A month later, that concern disappeared as the actions of Trump’s administration led to the American political and financial elite “regarding the rising death toll less as a national emergency than as an inconvenience,” wrote The Atlantic’s Adam Serwer. “In East New York, police assault Black residents for violating social-distancing rules; in Lower Manhattan, they dole out masks and smiles to white pedestrians.”
Ironically — there goes that word, again — over 50 percent of the players that make up college football rosters are Black, the same group that’s being affected the most by coronavirus.
Trump is asking a sport that’s built on the backs of unpaid Black athletes to return, even though they’re at the greatest risk, all for the sake of entertaining a country that’s over 75 percent white.
Let me be clear, the “President of the United States of America” is asking Black people to sacrifice themselves for the greater good, when the greater good has never done anything great for Black Americans.
But, this goes beyond race.

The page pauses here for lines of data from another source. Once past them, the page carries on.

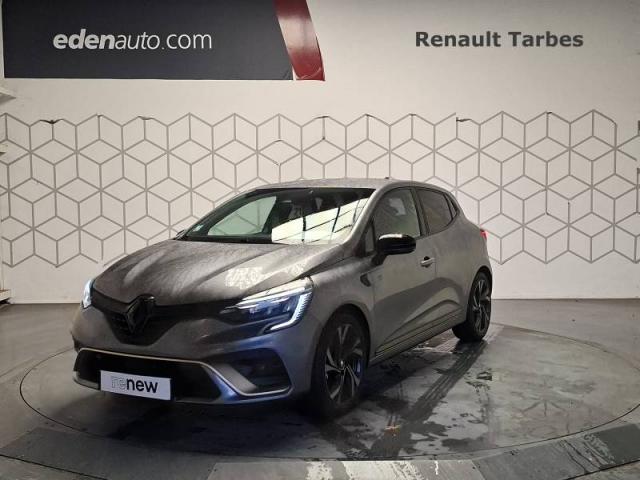 Renault Clio E-Tech Full Hybrid 145 Engineered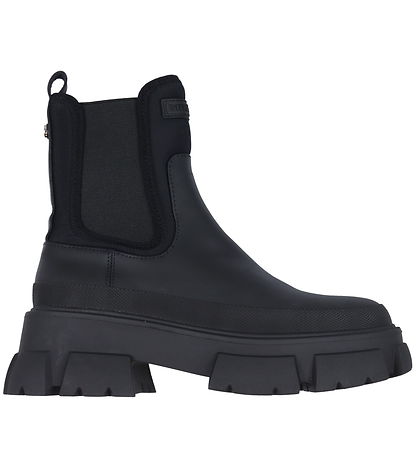 Bottes Steve Madden - Triumphal - Noir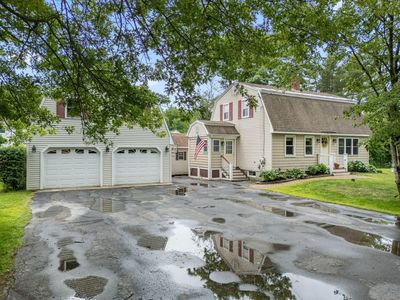 212 Prospect Street, Westbrook, ME, 04092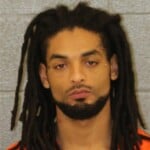 Corbin Paige Probation Violation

It’s also about money.
According to reports, Power 5 football conferences could lose up to $4 billion without football this year, which is an average loss of $62 million in football revenue per school. For instance, in 2018-2019 Auburn’s football program accounted for $95.1 million of the athletic program’s $152.4 million revenue. These are the reasons why schools like Nebraska are doing everything they can to have a season.
This upcoming fall will be bleak. The sounds of bands playing at halftime won’t exist. Homecomings have been, and will be, shutdown. And right now, tailgates are a no-go.
Saturdays in the fall are an American religion, but we’re stuck with a cultural atheist in the White House. It’s why I’m proposing that we treat this upcoming Election Day as if it was the College Football National Championship Game.
Because if you love college football and all of the tradition and pageantry that comes along with it, vote out the person that’s the reason why this year’s edition is canceled.